La nuova scissione del Movimento 5 stelle è in stand by, per ora. Il capogruppo alla Camera, Davide Crippa, e i colleghi del direttivo che si sono espressi contro l'ipotesi di votare contro la fiducia al governo, insieme al ministro Federico D'Incà, che aveva proposto una tregua, attenderanno di sentire il discorso del premier Mario Draghi per poi compiere il loro passo, che potrebbe portarli fuori da quello che Luigi Di Maio ormai definisce «il partito di Conte» oppure a restare nonostante i rapporti ormai lacerati con i colleghi.

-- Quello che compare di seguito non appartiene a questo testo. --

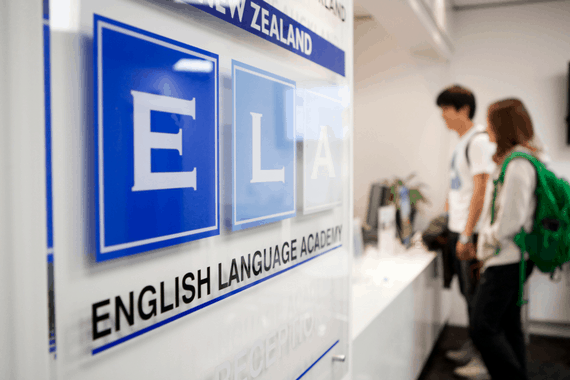 estudantes em balcão de atendimento de escola de idiomas na Nova Zelândia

L'incertezza è legata al fatto che il leader del M5s, Giuseppe Conte, secondo voci che circolano sempre più insistentemente tra i parlamentari pentastellati, sarebbe tentato di tornare sui suoi passi e votare la fiducia a Mario Draghi. Il pressing di Enrico Letta, che ieri ha parlato al telefono con Conte e oggi ha incontrato il premier, e il rischio di essere accusato di aver fatto cadere il governo in piena crisi, (come ha fatto oggi con toni pesanti l'ex Luigi Di Maio) insieme ai sondaggi che mostrano la maggioranza degli italiani contraria al voto anticipato starebbero suggerendo al leader pentastellato di non far precipitare le cose. E c'è anche chi rileggendo il criptico post di Beppe Grillo (il barattolo di colla) lo giudica un segnale a favore del governo.
Inoltre il timing della parlamentarizzazione della crisi, voto domani solo al Senato, giovedì alla Camera, consente ai dissidenti a Montecitorio di prendere tempo. Anche se oggi è stata un'altra giornata di nervi tesi nel Movimento. Soprattutto dopo le dichiarazioni del ministro degli Esteri che riunendo i gruppi parlamentari ha prima indicato in Giuseppe Conte il «responsabile della crisi di governo», poi si è detto sicuro che il gruppo alla Camera avrebbe votato la fiducia. Una affermazione smentita da fonti del direttivo a Montecitorio: «Quanto riferito dal ministro Di Maio in riunione col suo gruppo parlamentare, a proposito di una volontà precostituita da parte dei componenti del direttivo del gruppo M5S Camera, non risponde al vero».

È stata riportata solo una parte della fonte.